Task description »
Every line from the one containing "Synapse 3D offers" to the end of the records below must be copied exactly, and no pictures may be included.

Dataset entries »
==================================================

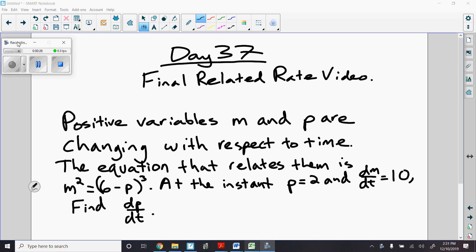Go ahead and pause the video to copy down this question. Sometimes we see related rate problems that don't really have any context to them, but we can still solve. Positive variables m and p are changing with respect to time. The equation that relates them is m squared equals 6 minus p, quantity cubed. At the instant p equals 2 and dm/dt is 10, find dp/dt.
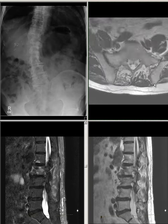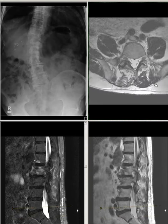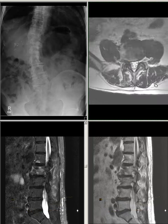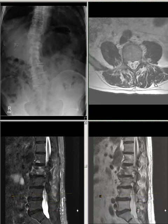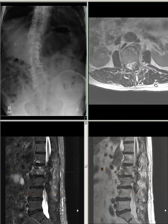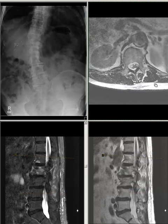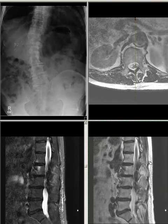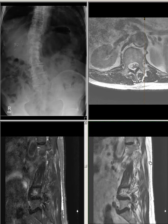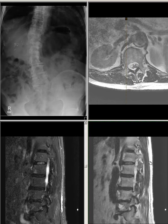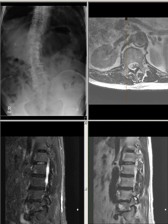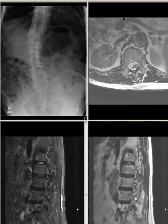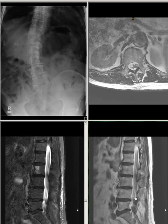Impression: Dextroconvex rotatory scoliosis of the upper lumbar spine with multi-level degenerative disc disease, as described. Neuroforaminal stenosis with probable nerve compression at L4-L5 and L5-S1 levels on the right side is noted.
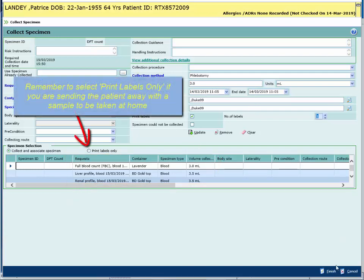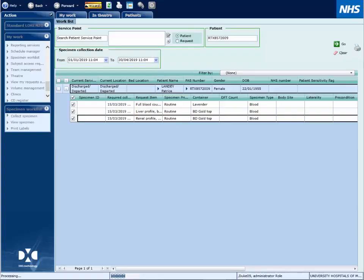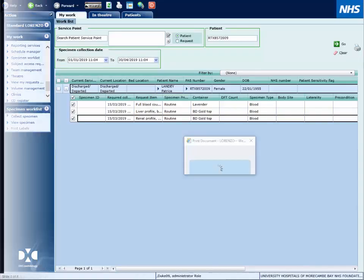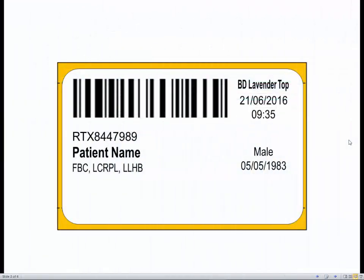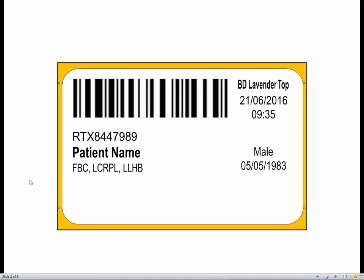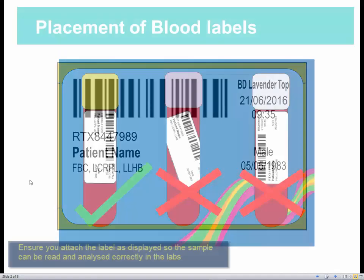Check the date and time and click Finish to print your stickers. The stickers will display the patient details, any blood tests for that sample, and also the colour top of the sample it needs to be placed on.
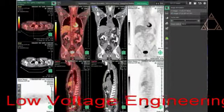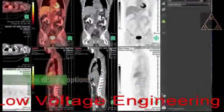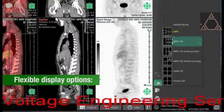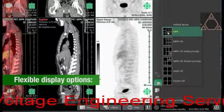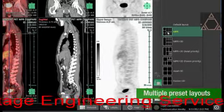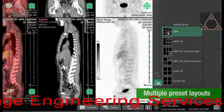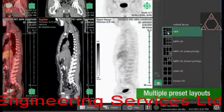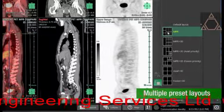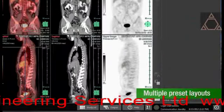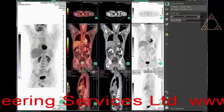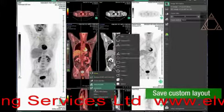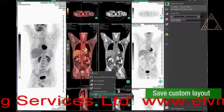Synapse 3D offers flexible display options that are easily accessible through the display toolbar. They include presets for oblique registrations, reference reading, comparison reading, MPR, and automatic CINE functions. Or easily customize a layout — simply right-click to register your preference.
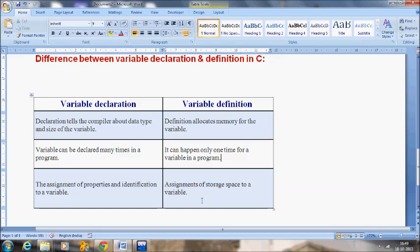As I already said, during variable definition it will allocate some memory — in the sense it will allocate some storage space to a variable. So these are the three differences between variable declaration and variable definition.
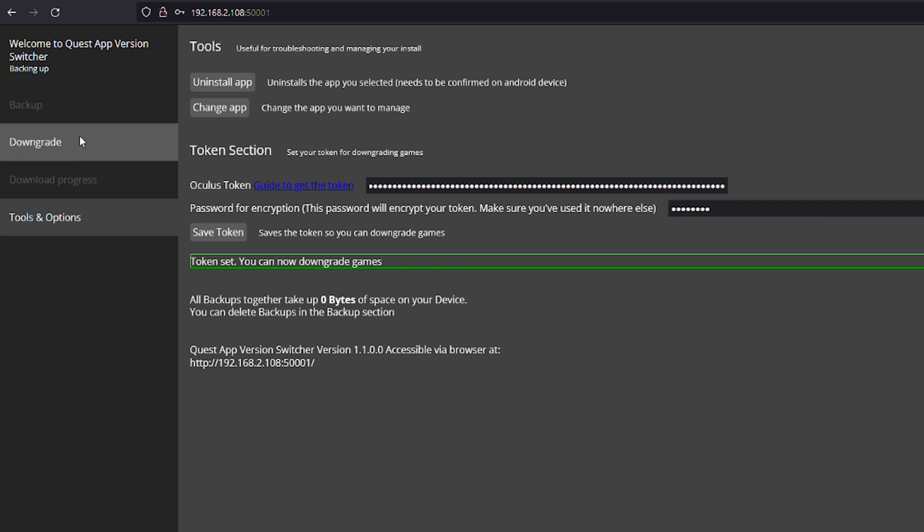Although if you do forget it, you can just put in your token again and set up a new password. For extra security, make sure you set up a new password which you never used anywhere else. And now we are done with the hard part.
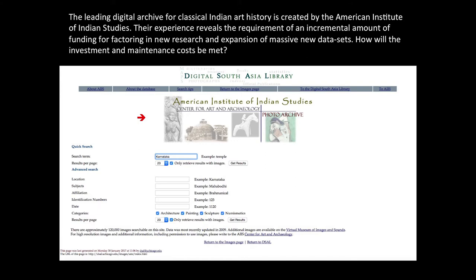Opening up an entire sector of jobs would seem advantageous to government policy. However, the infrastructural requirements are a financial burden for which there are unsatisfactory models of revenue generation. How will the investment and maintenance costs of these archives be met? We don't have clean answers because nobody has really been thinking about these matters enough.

==================================================

Answer area »
Synapse 3D offers flexible display options that are easily accessible through the display toolbar. They include presets for oblique registrations, reference reading, comparison reading, MPR, and automatic CINE functions. Or easily customize a layout — simply right-click to register your preference.
As I already said, during variable definition it will allocate some memory — in the sense it will allocate some storage space to a variable. So these are the three differences between variable declaration and variable definition.
Although if you do forget it, you can just put in your token again and set up a new password. For extra security, make sure you set up a new password which you never used anywhere else. And now we are done with the hard part.
Opening up an entire sector of jobs would seem advantageous to government policy. However, the infrastructural requirements are a financial burden for which there are unsatisfactory models of revenue generation. How will the investment and maintenance costs of these archives be met? We don't have clean answers because nobody has really been thinking about these matters enough.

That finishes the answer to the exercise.